Problem statement -
Take the lines below from the one with "Ruby+Cash FLAWLESS Gold" through the one with "HongXing Cute Guinea" and print only them, exactly. Don't print the pictures.

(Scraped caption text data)

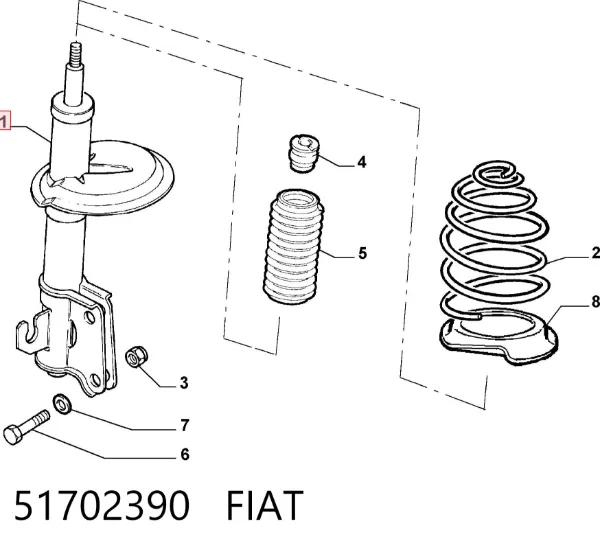 Amortyzator tylny 51702390 Fiat/Alfa/Lancia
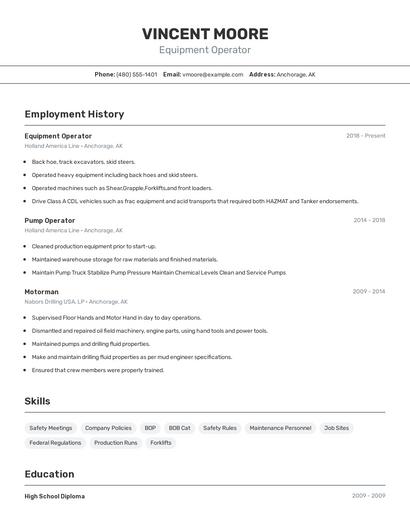 Equipment Operator Resume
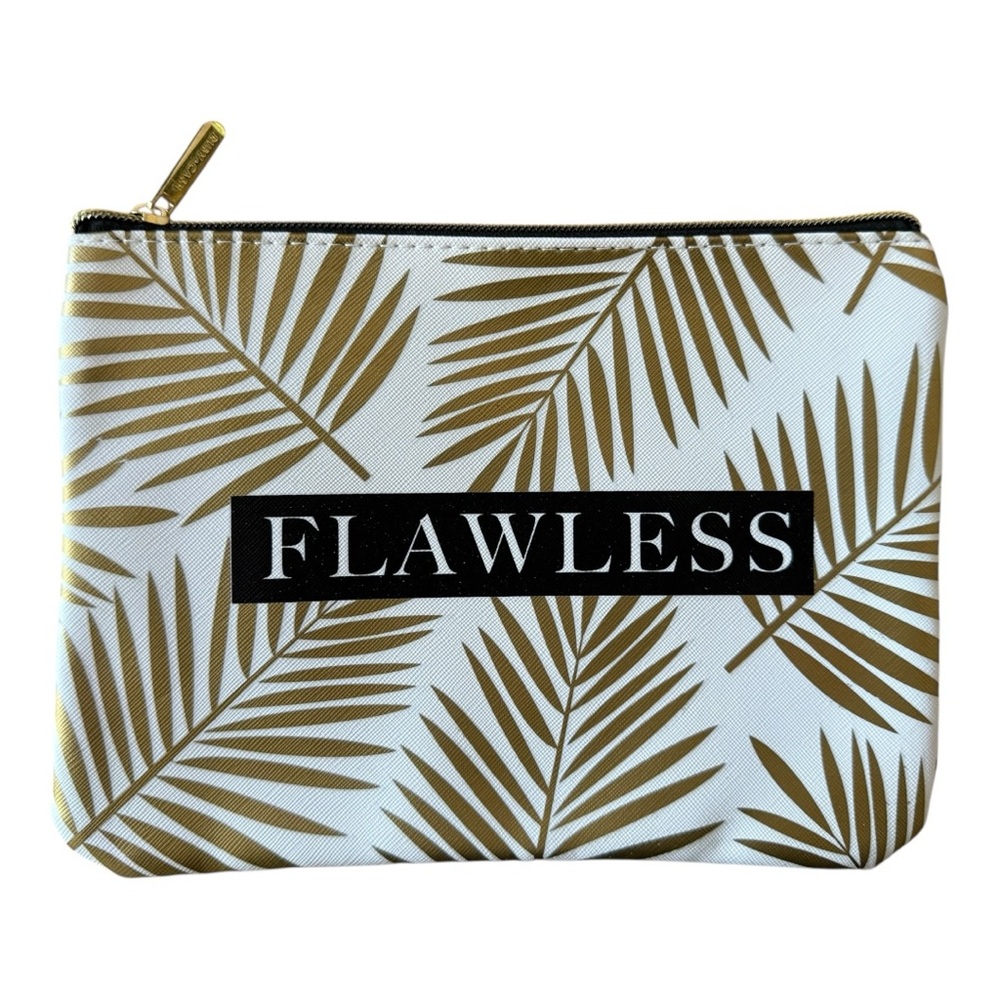 Ruby+Cash FLAWLESS Gold Leaf Pattern Cosmetic Bag, Makeup Bag, Pouch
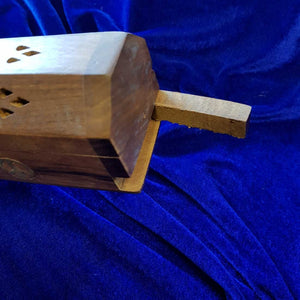 Peace Wooden Box Incense Holder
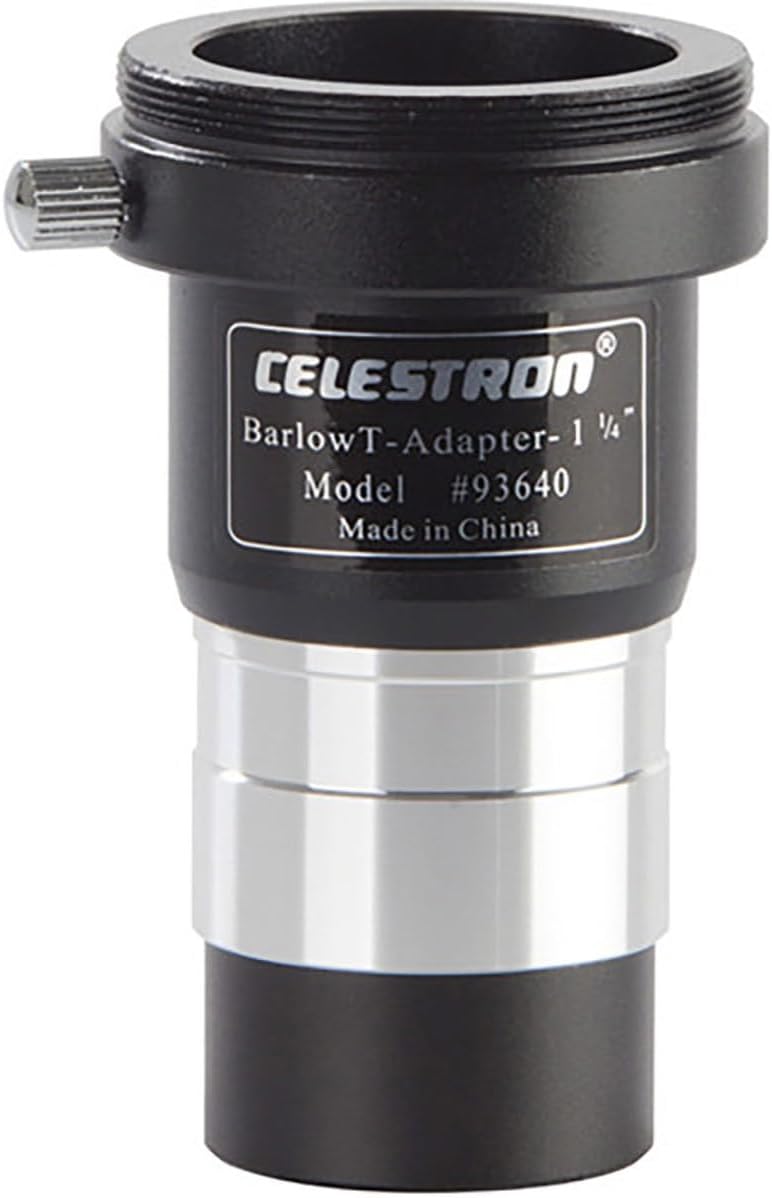 Universal 1.25" T-Adapter & 2X Barlow Lens for Telescopes | Accessory for DSLR & Mirrorless Astrophotography, Prime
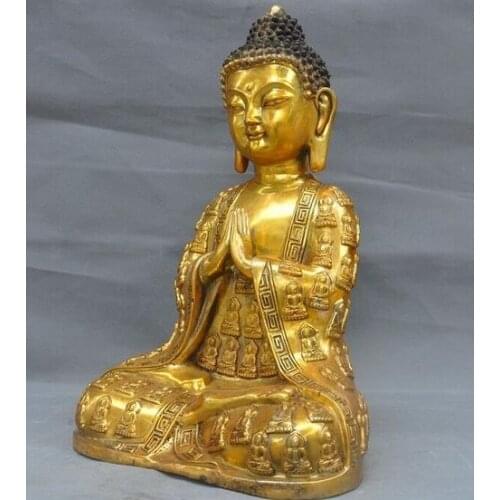 16"Old Tibetan Buddhism Bronze Gilt Tathagata Shakyamuni Sakyamuni Buddha statue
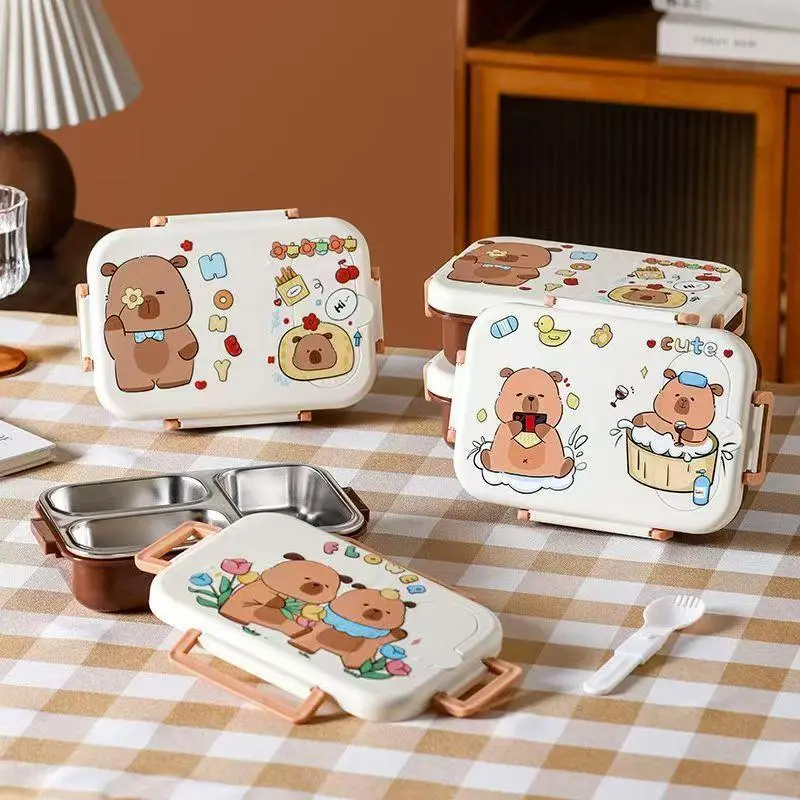 HongXing Cute Guinea Pig Stainless Steel Lunch Box | Insulated Compartment Tiffin for Kids 1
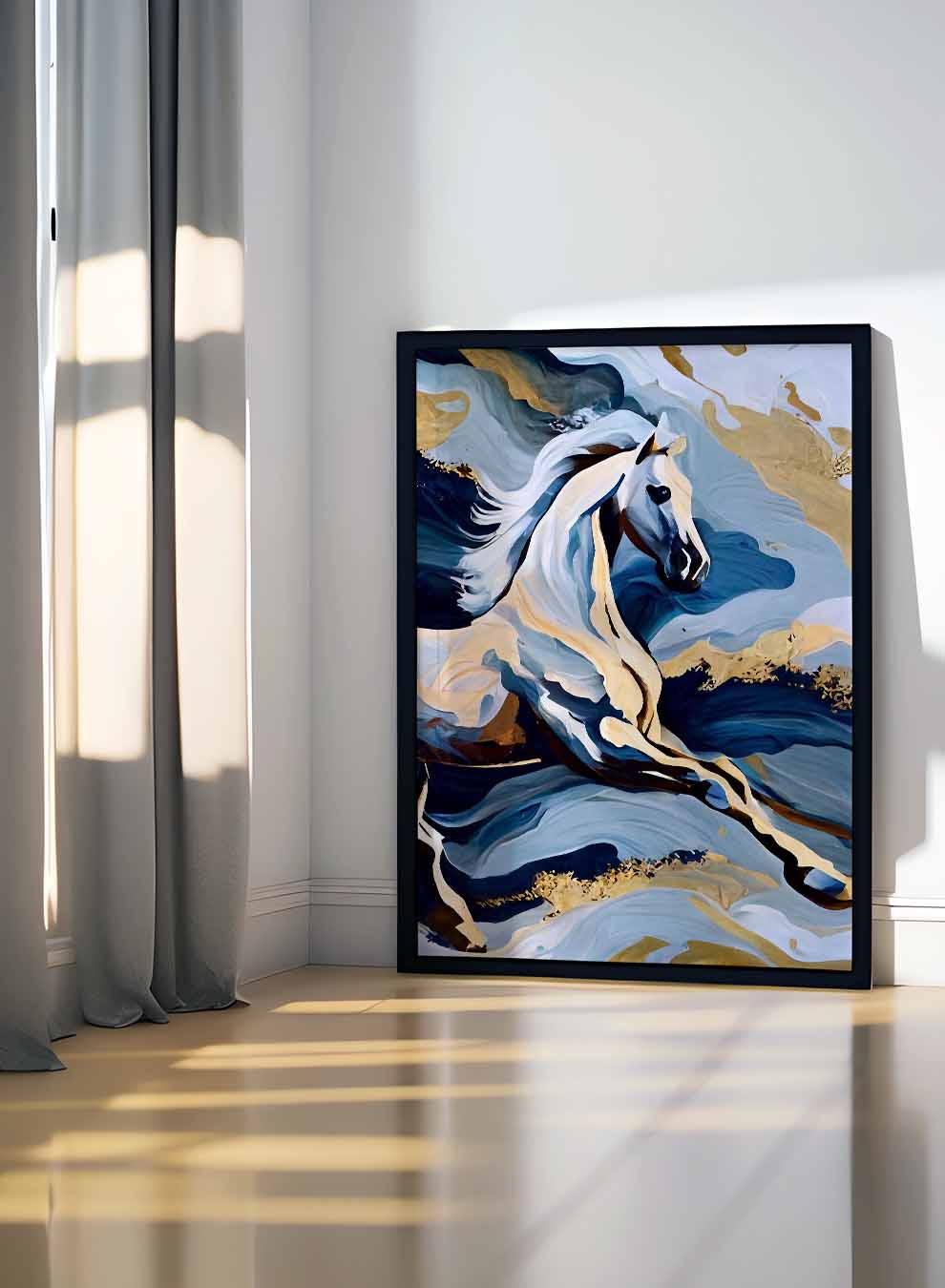 Canvas Wall Art Stretched Over Wooden Frame with Black Floating Frame Paintings & Pictures| LOWHA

Exercise solution -
 Ruby+Cash FLAWLESS Gold Leaf Pattern Cosmetic Bag, Makeup Bag, Pouch
 Peace Wooden Box Incense Holder
 Universal 1.25" T-Adapter & 2X Barlow Lens for Telescopes | Accessory for DSLR & Mirrorless Astrophotography, Prime
 16"Old Tibetan Buddhism Bronze Gilt Tathagata Shakyamuni Sakyamuni Buddha statue
 HongXing Cute Guinea Pig Stainless Steel Lunch Box | Insulated Compartment Tiffin for Kids 1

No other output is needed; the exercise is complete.